Recently the credit rating of the US has come down from AAA to AA+ and though the US was able to avoid from defaulting of Payments, the danger days may not yet be over for the US Economy.
Economy’s stability depends on two factors GDP and the Debt. The problem with the US is its increasing rate of Debt and decreasing rate of GDP. Recently according to an estimate the total Debt of the country will overtake its GDP and that is where the problem is expected to arise. How will the US repay the debt? This situation will create circumstances of default of payments.
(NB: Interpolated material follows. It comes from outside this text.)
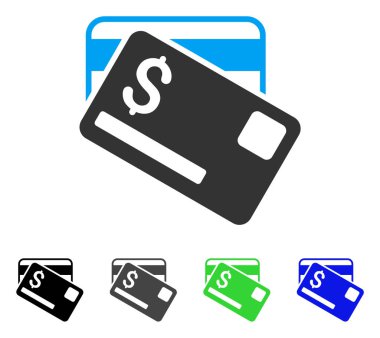 kredi kartları düz simgesi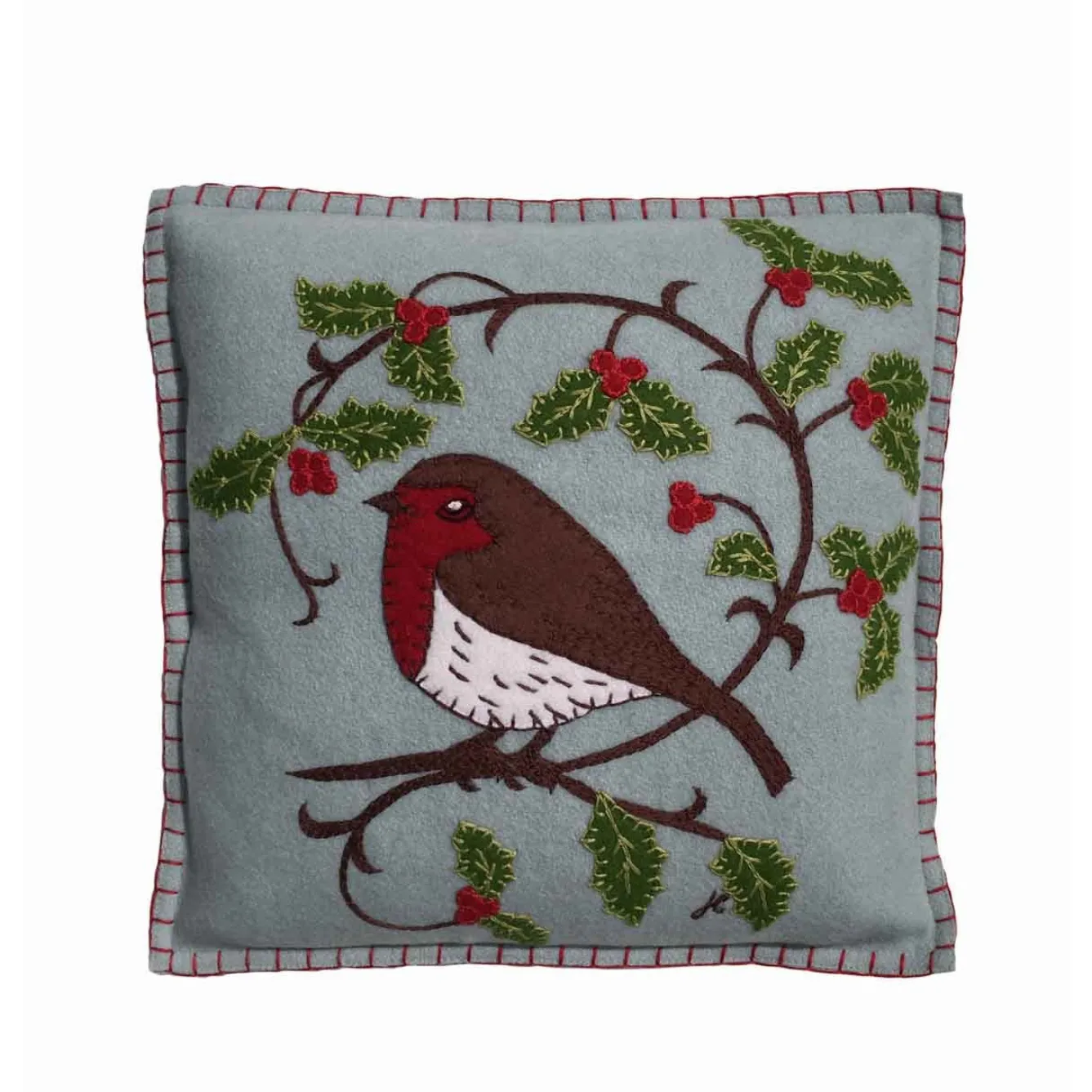 Jan Constantine Holly Robin Pillow - Duck Egg Blue- Seasonal Decor|Pillows & Throws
- Low interest rates on loans for housing market were the prime causes of 2008 recession. To come out of the recession around $1.6 trillion dollars were spent. The crisis also meant that the US government would receive lower taxes from the private companies and thus the GDP and living standards in US further decreased.
- Wars with Afghanistan and Iraq further weakened the economy. For last 10 years US has spent more than $1.2 trillion on the two wars
- No serious measures have been taken for new JOB CREATION. Since the year 2000 no major economic development has been achieved in US. Unfortunately, this is the worst time for employment in the US. More than 9% of Americans are unemployed. Although recent announcements have been made for investment in infrastructure and schools and service industry.
It is possibly not the best time to look towards the US for investments and probably the time is to sit back and pray that the thing don’t go any worse.